O juiz decidirá todas as questões de direito desde que os fatos relevantes estejam provados por documento, só remetendo para os meios ordinários as questões que dependerem de outras provas.
Art. 554.
Até que o inventariante preste o compromisso, continuará o espólio na posse do administrador provisório.
Art. 555.
O administrador provisório representa ativa e passivamente o espólio, é obrigado a trazer ao acervo os frutos que desde a abertura da sucessão percebeu, tem direito ao reembolso das despesas necessárias e úteis que fez e responde pelo dano a que, por dolo ou culpa, der causa.

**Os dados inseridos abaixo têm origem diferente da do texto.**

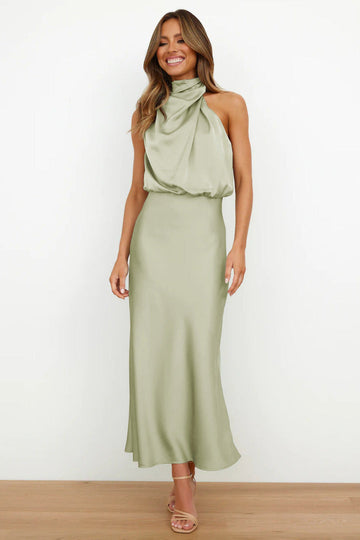 Benthe - Midi Dress with Off-the-Shoulder Design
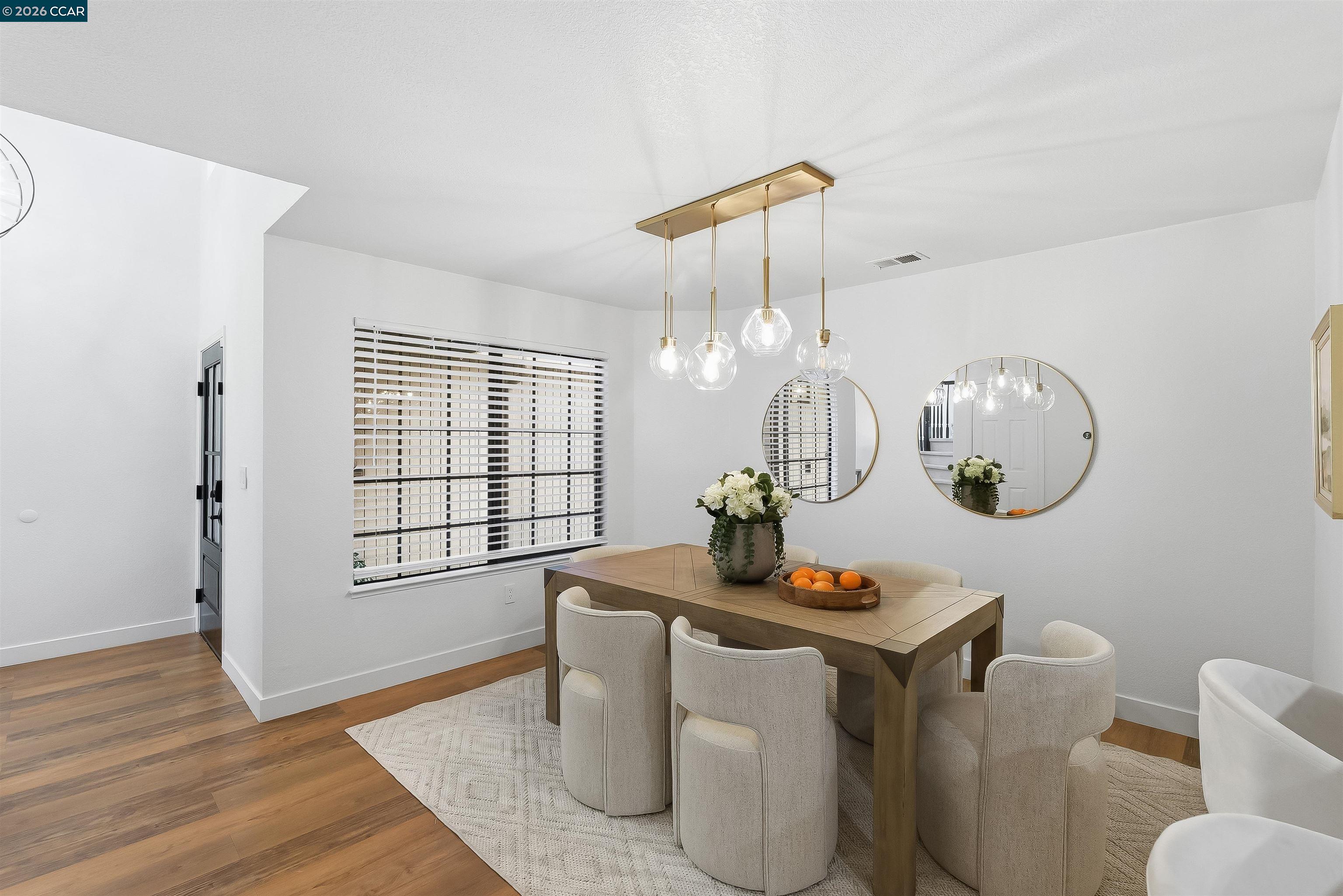 Photo #16: 41127490 Listing: Photo #16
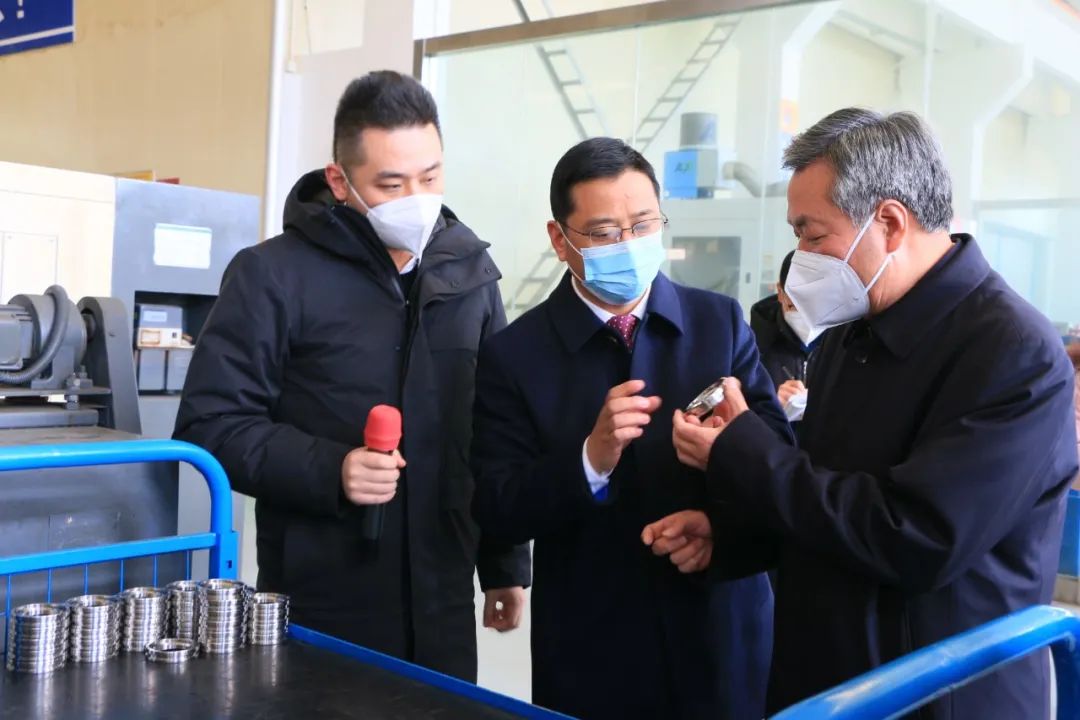 南通市政协主席黄巍东节前到江苏神通阀门公司走访慰问 南通市政协主席黄巍东节前到江苏神通阀门公司走访慰问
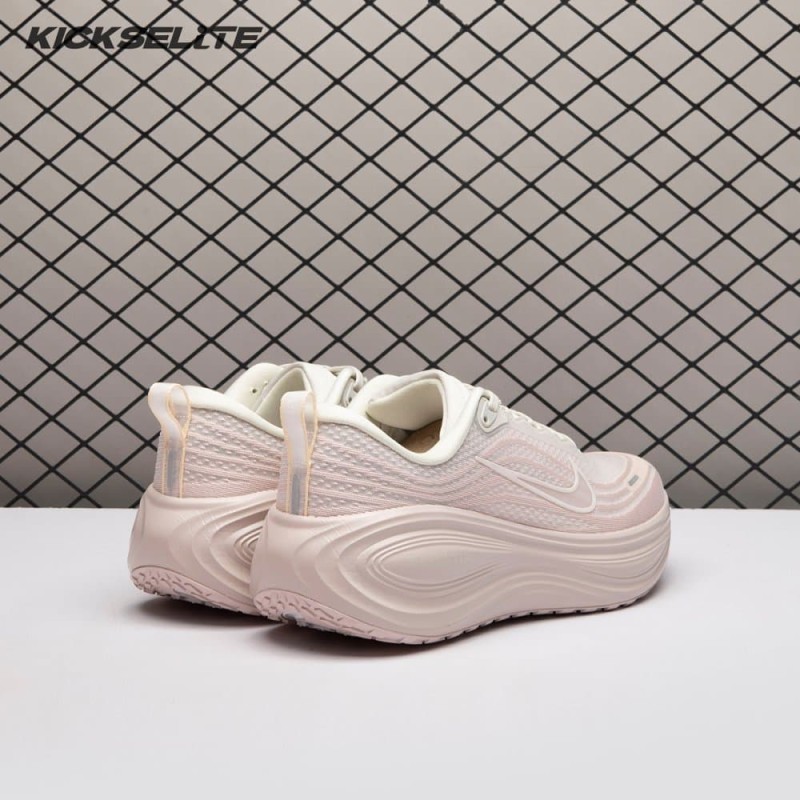Nike Vomero Plus Silt Red HV8154-603 Women's Nike Vomero Plus Silt Red HV8154-603 Women's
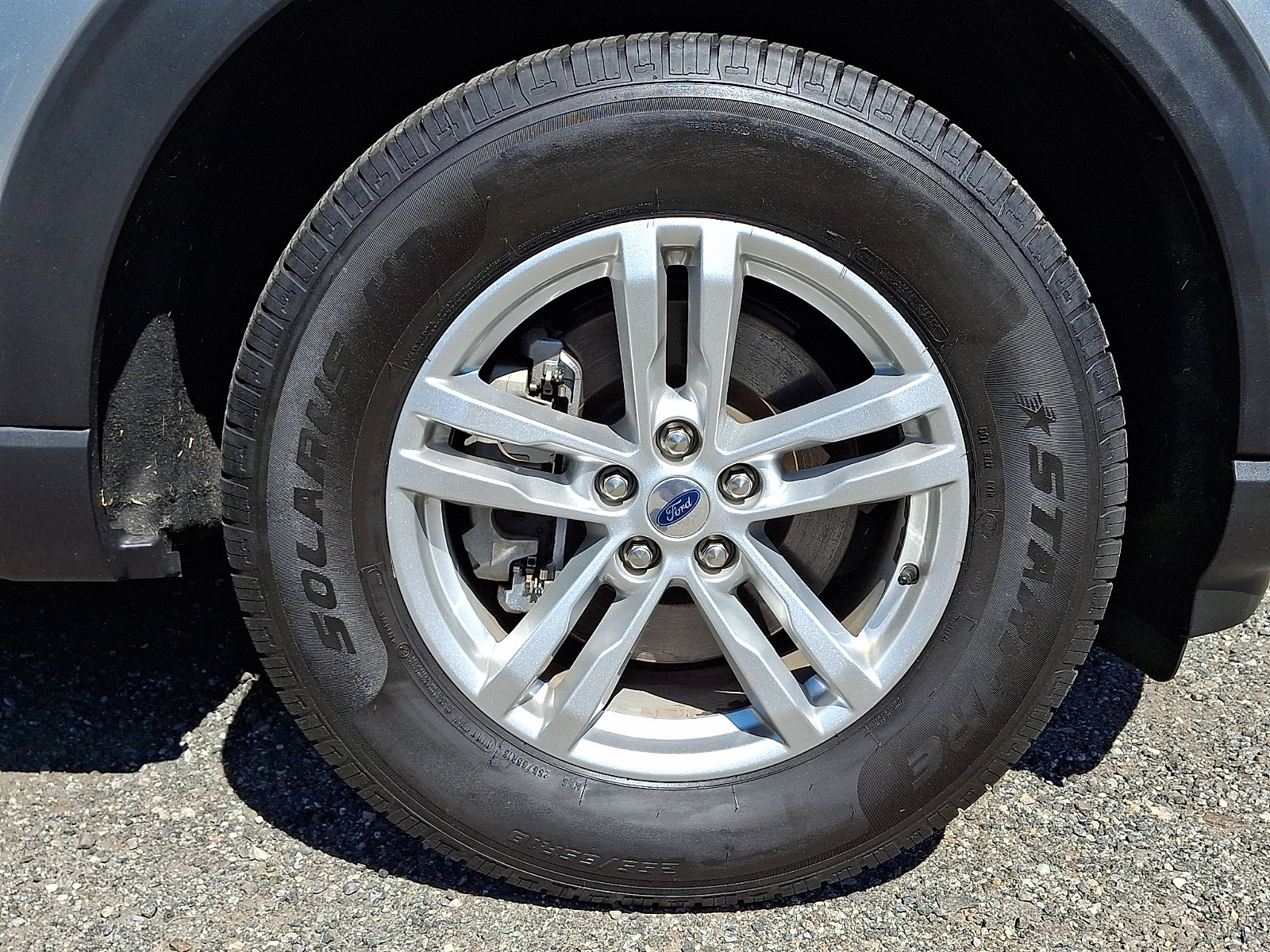 Used 2021 Ford Explorer XLT w/ Class III Trailer Tow Package AWD/4WD image 8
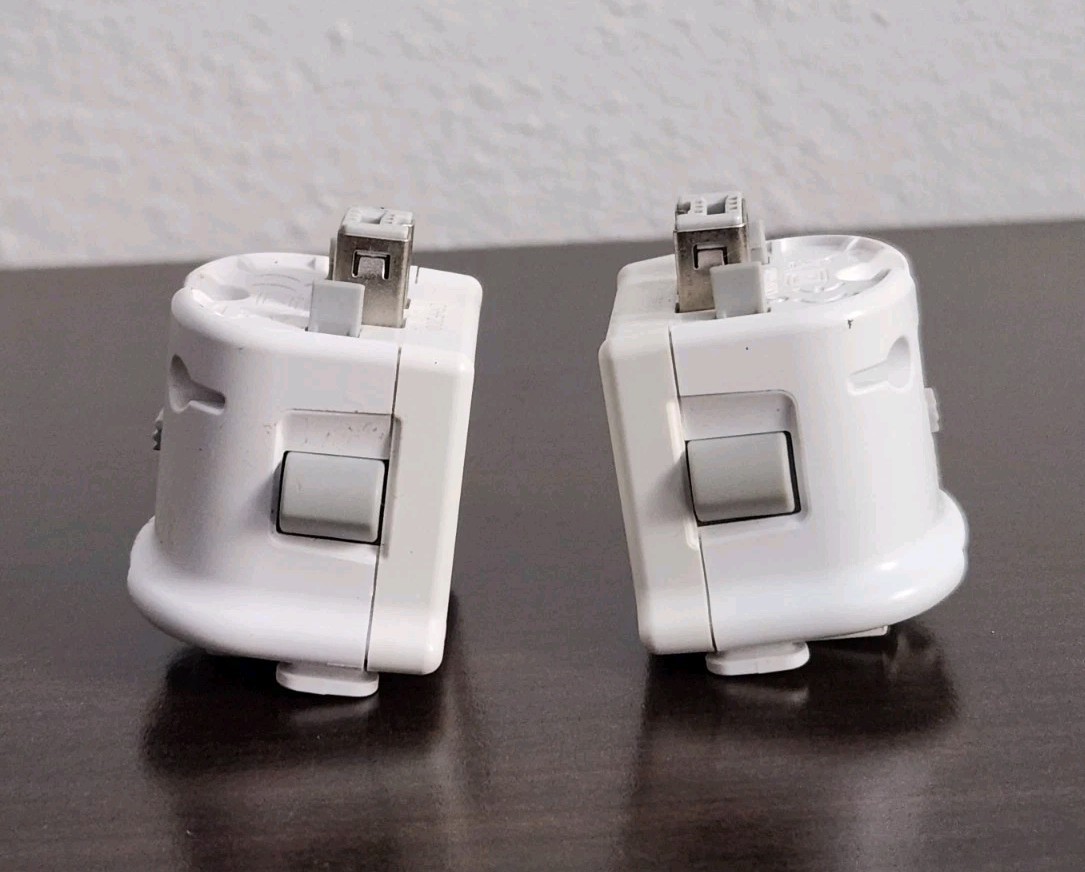 2 Official Genuine Nintendo Wii Motion Plus Adapter OEM Sports Resort Lot of 2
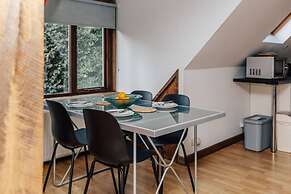 Redwood Retreat in Taplow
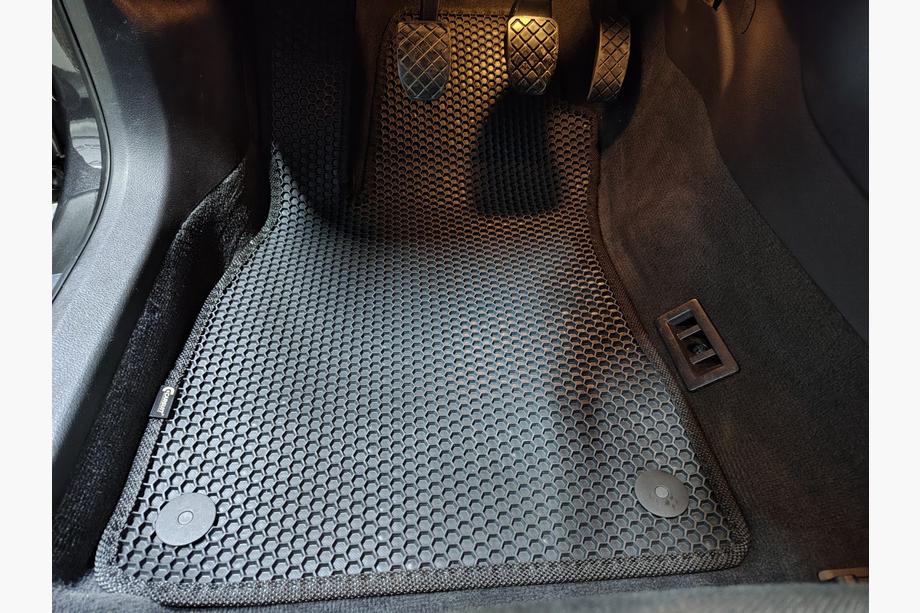 Audi A4 B7 2004–2008 Gumové autokoberce Carsuit (černé) Image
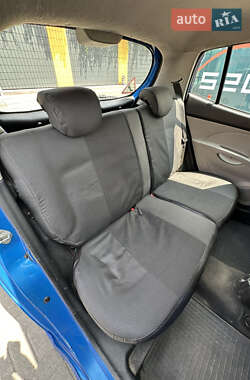 Хэтчбек Kia Picanto 2008 в 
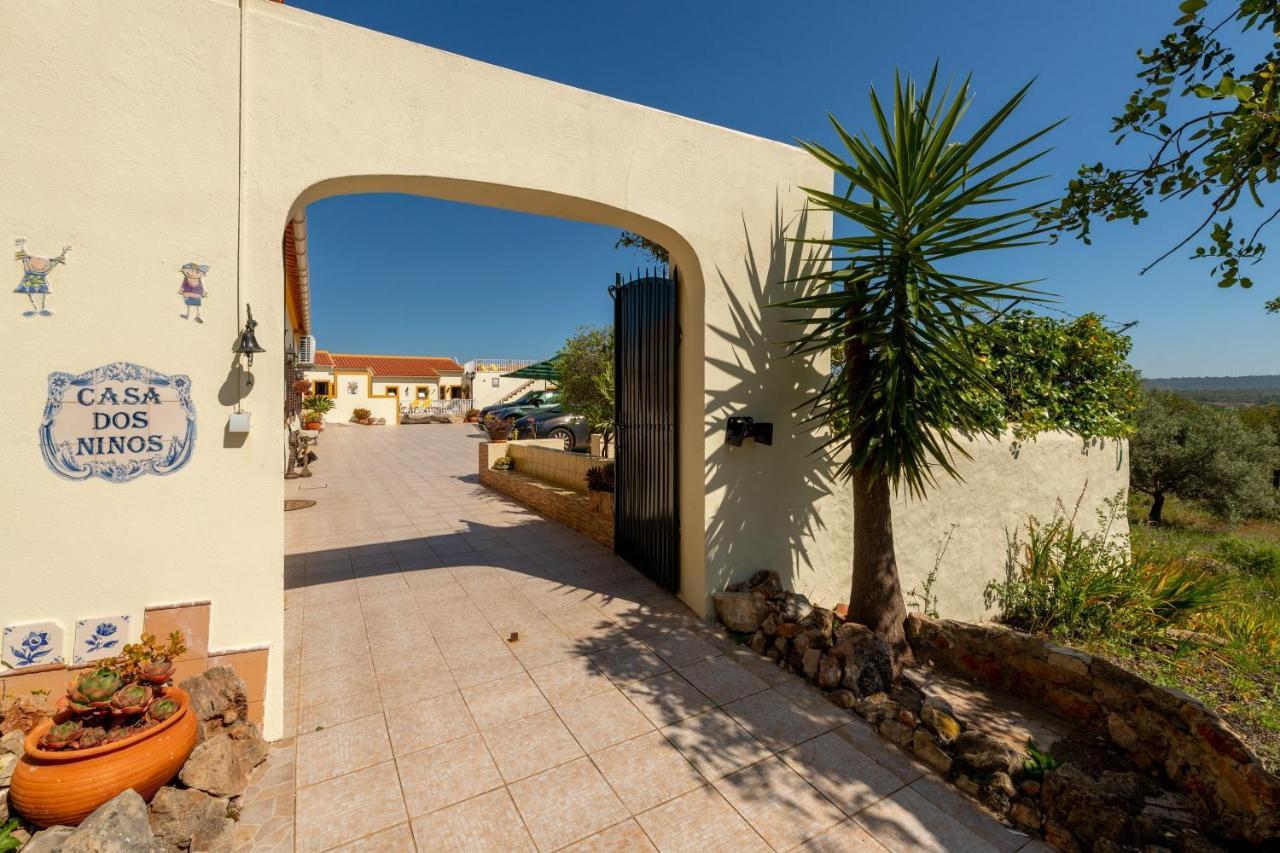 Casa Dos Ninos Acomodação com café da manhã São Bartolomeu de Messines Exterior foto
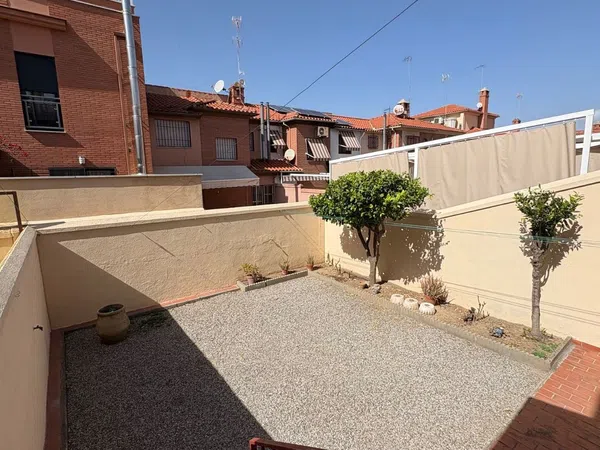 Chalet adosado en calle María Goyri, 60 - Foto 3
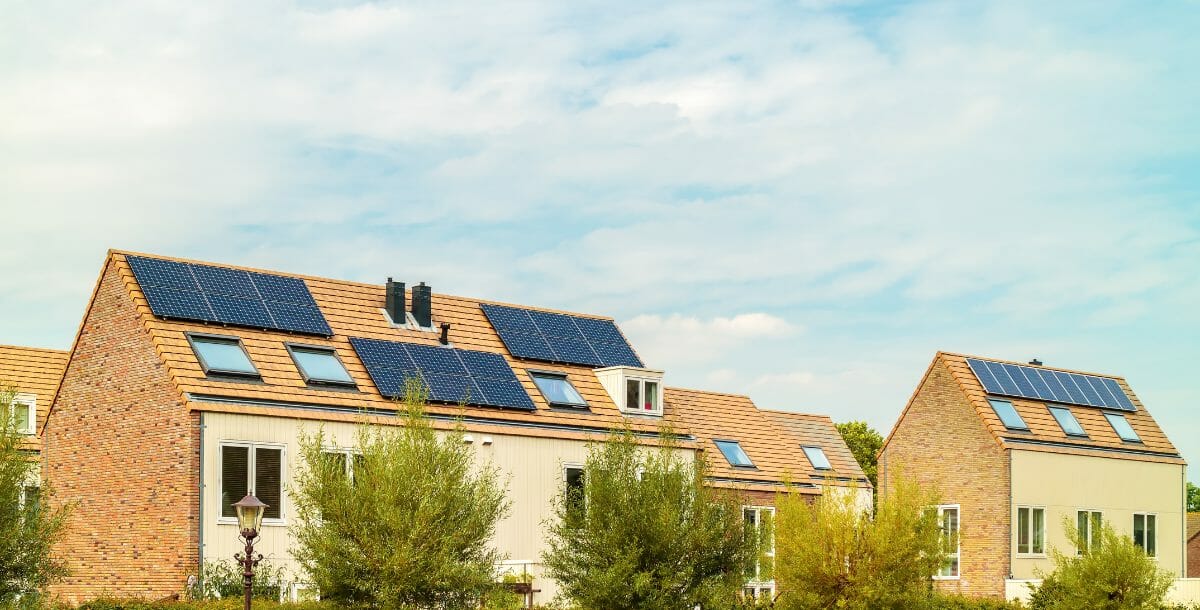 découvrez comment l'installation de panneaux solaires peut transformer votre maison en une source d'énergie renouvelable, réduire vos factures d'électricité et contribuer à la protection de l'environnement. informez-vous sur les avantages, le fonctionnement et les différentes solutions adaptées à votre habitation.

Seção II Da legitimidade para requerer o inventário
Art. 556.
O requerimento de inventário e partilha incumbe a quem estiver na posse e na administração do espólio, no prazo estabelecido no art. 552.
Parágrafo único
O requerimento será instruído com a certidão de óbito do autor da herança.
Art. 557.
Têm, contudo, legitimidade concorrente:
II - o cessionário do herdeiro ou do legatário;
III - o credor do herdeiro, do legatário ou do autor da herança;
IV - o Ministério Público, havendo herdeiros incapazes;
V - a Fazenda Pública, quando tiver interesse.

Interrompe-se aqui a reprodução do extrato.